[DATASET SECTION]
= = = = = = =

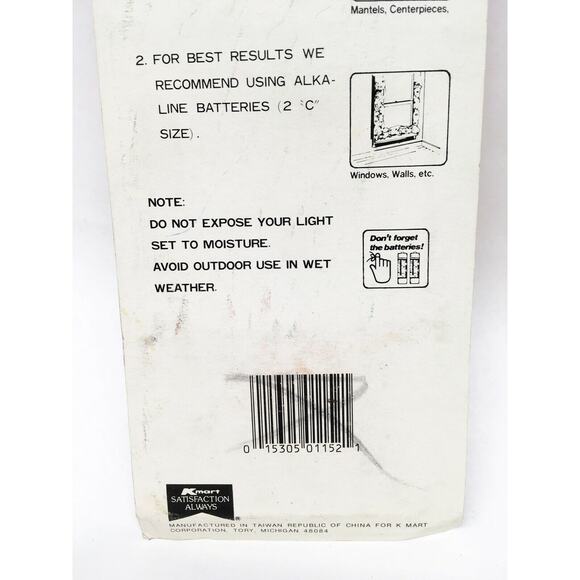 Vintage CHRISTMAS LIGHTS - 1970s/80s K-Mart Battery Operated - NEW in Package - Picture 6 of 6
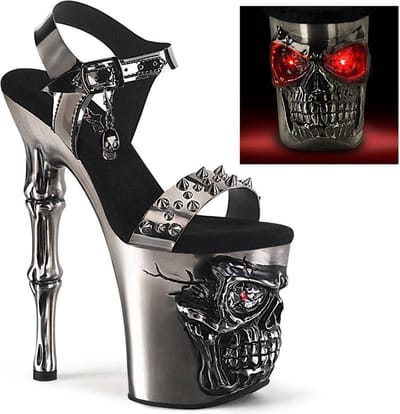 Pleaser - RAPTURE812LT Sandaal met enkelband, Paaldans schoenen - US 10 - 40 Shoes - Chroomkleurig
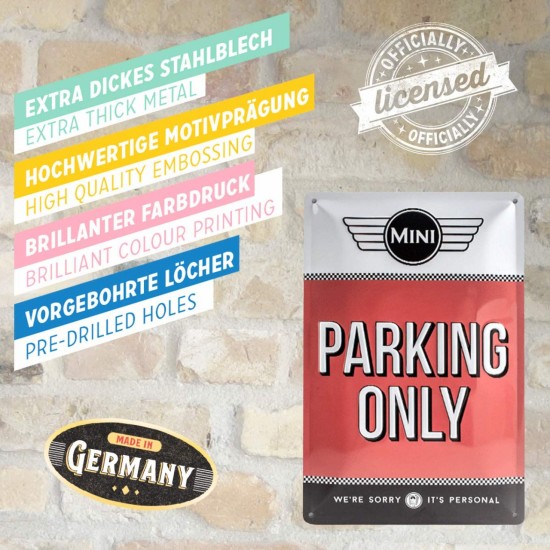 Placă metalică 20 x 30 - Mini - Parking Only - Parcare Doar pentru Mini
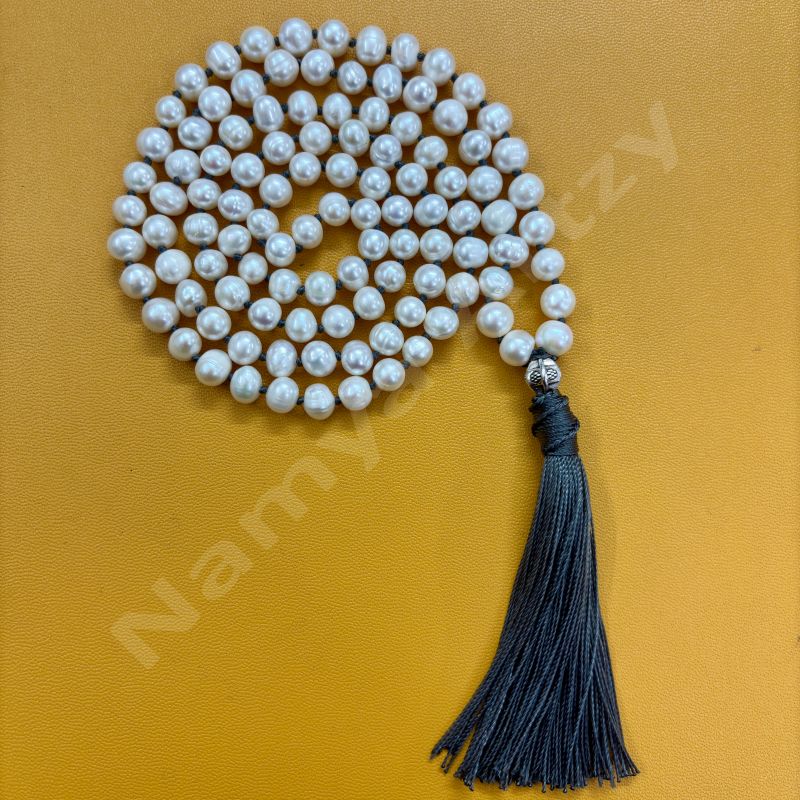 Handmade, Natural Fresh Water Pearls 108 Beads Hand-Knotted Japa MalaNecklace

= = = = = = =

Repeat the material exactly. Any picture in it should be dropped.

 Vintage CHRISTMAS LIGHTS - 1970s/80s K-Mart Battery Operated - NEW in Package - Picture 6 of 6
 Pleaser - RAPTURE812LT Sandaal met enkelband, Paaldans schoenen - US 10 - 40 Shoes - Chroomkleurig
 Placă metalică 20 x 30 - Mini - Parking Only - Parcare Doar pentru Mini
 Handmade, Natural Fresh Water Pearls 108 Beads Hand-Knotted Japa MalaNecklace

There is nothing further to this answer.